# Smokey Joe



## shadow mum (Apr 8, 2008)

I can't believe it's been three years since you left us. It feels like only yesterday.

I remember going to the shelter and seeing you in the outdoor kennel, a small black bundle of fur, hiding behind the dog house. Your dad came through the door and I swear, a bolt of lightening passed between the two of you. I knew we were going to be leaving that shelter with you in tow.

For the next 12 years, you were our constant companion. You loved the little dogs and suffered through the attentions of two human kids. You didn't like them around you, they made you nervous, but you protected them because they were yours.

One day, you just couldn't get up. I could see in your eyes that you were tiring, but didn't want to admit it. You waited for Dad to come home from work, and when he told you, crying, that it was okay to go, you gave him one last lick and left us.

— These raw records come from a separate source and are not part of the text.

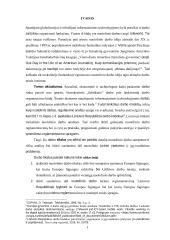 Nuotolinio darbo ypatumai 3 puslapis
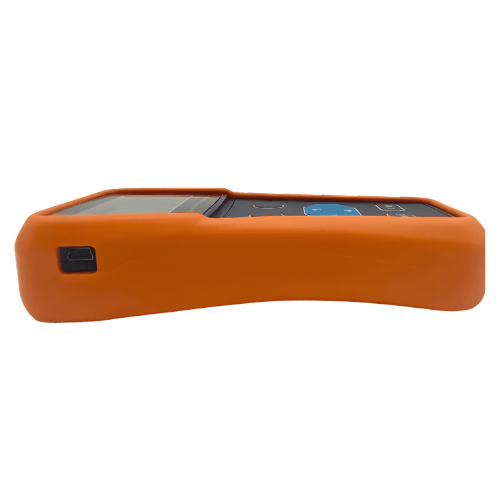 Emissions and Stack Measure Coating Thickness - Image 4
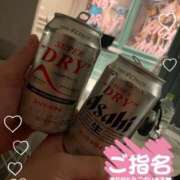 ヒメ日記 2025/02/18 16:00 投稿 つむぎ 奥様特急新潟店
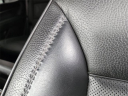 Thumbnail image of 2022 GMC Yukon at LaFontaine Chrysler Dodge Jeep Ram of Fenton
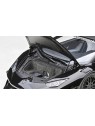 Liberty Walk LB Silhouette Lamborghini Huracan GT 1/18 AUTOart AUTOart - 75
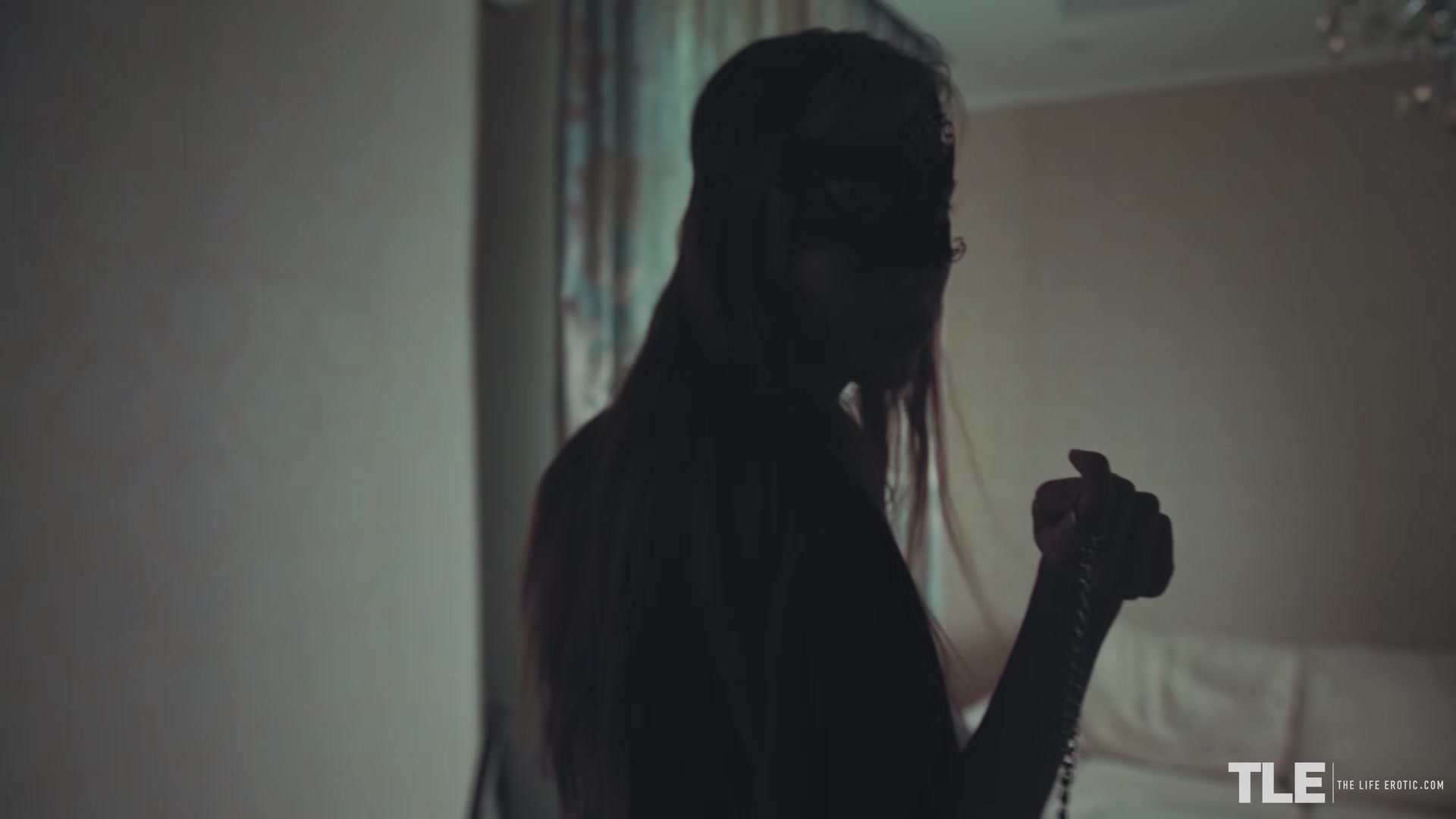Masked 2 02 Alice Bright - TheLifeErotic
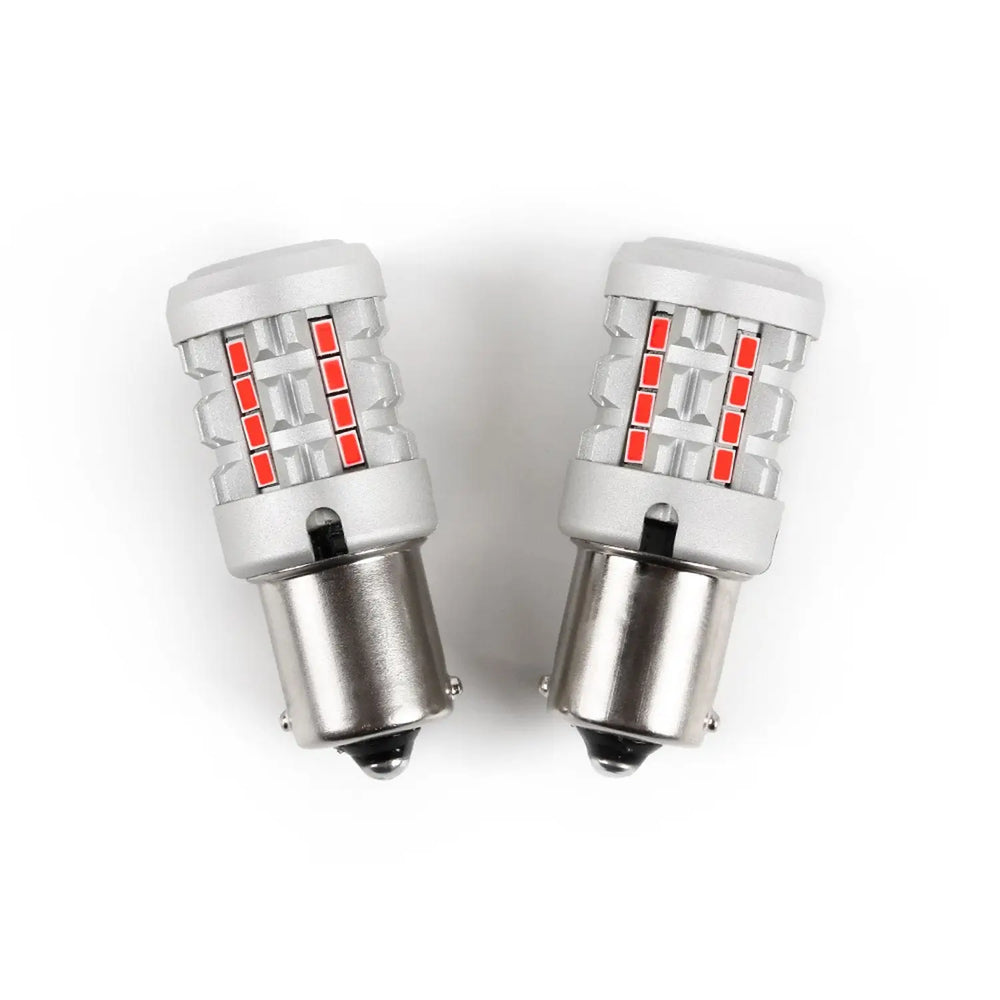 SMART SERIES 1156 LED BULB (2 EA) R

The vet said that it was H.S., and that there was nothing we could have done. 
I couldn't get by without a pupper in the house, so we found Shadow. He will never replace you, but guess what, he was born on the same day that you left us. I still feel that a part of you is in him.

Run free with your brother and sister, and I WILL see you again.

Love you always.


----------



## ripsofie (Oct 28, 2010)

Aww! I started crying..:'(


----------



## 1sttimeforgsd (Jul 29, 2010)

Our memories can never be taken away!

Run free Smokey Joe.


----------



## Kayos and Havoc (Oct 17, 2002)

It really just does not get any easier does it?:hugs: I am so sorry you lost him too soon.


----------



## elsie (Aug 22, 2001)

:hug::hug::hug::hug:


----------



## vat (Jul 23, 2010)

so sorry for your loss, we will always miss those that are gone.


----------



## Mac's Mom (Jun 7, 2010)

ripsofie said:


> Aww! I started crying..:'(


 
me too...so sorry for your loss


----------